[whatwg] [wa1] Status of tree construction section

Wed Jun 13 15:34:27 PDT 2007

On Wed, 12 Jul 2006, Stewart Brodie wrote:
> > > 
> > > In the main phase, section 'If the insertion mode is "in row"', the 
> > > last option for 'anything else' says "process ... as if ... in 
> > > table".  I think that should say "as if ... in table body" instead.  
> > > That case will re-throw the token out to "in table" in any case if 
> > > it doesn't handle it.
> > 
> > There'd be no difference. Any token that isn't handled by the "row" 
> > mode will not be handled by the "table body" mode.
> 
> Yes, I noticed that and agree, except that it just seemed to me that it 
> would be more natural to expect unhandled things to be thrown to the 
> next level of scope (table body) rather than bypassing it and going 
> directly to the table.

I don't really see why.
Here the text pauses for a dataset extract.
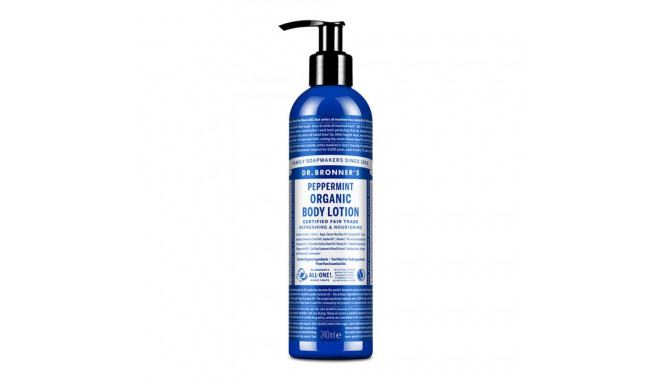 Лосьон для тела Dr Bronner's Menta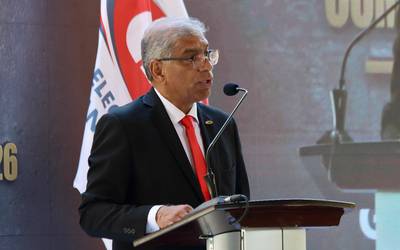 Aumento en precios de materia prima pega en costos a constructores: CMIC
Seems like an additional level of indirection.

> > > I've come to the conclusion that you need pictures to accompany the 
> > > "adoption agency algorithm".  However, I'm not an artist.  Indeed, 
> > > I'm so bad at drawing pictures, that in the past, users often sent 
> > > me replacement bitmap graphics for my programs because they found my 
> > > attempts so distressing :-)
> > 
> > Yeah, I completely agree. Diagrams and examples. If someone wants to 
> > do a diagram here I'd be most happy. Failing that, I'll probably get 
> > around to it in due course (e.g. once I'm convinced it actually 
> > works).
> 
> It is the most complex part of the tree construction.  Perhaps in lieu 
> of pictures in the short term, a short non-normative summary could be 
> added describing what the algorithm is doing, because reverse 
> engineering it from the 14-step plan is hard.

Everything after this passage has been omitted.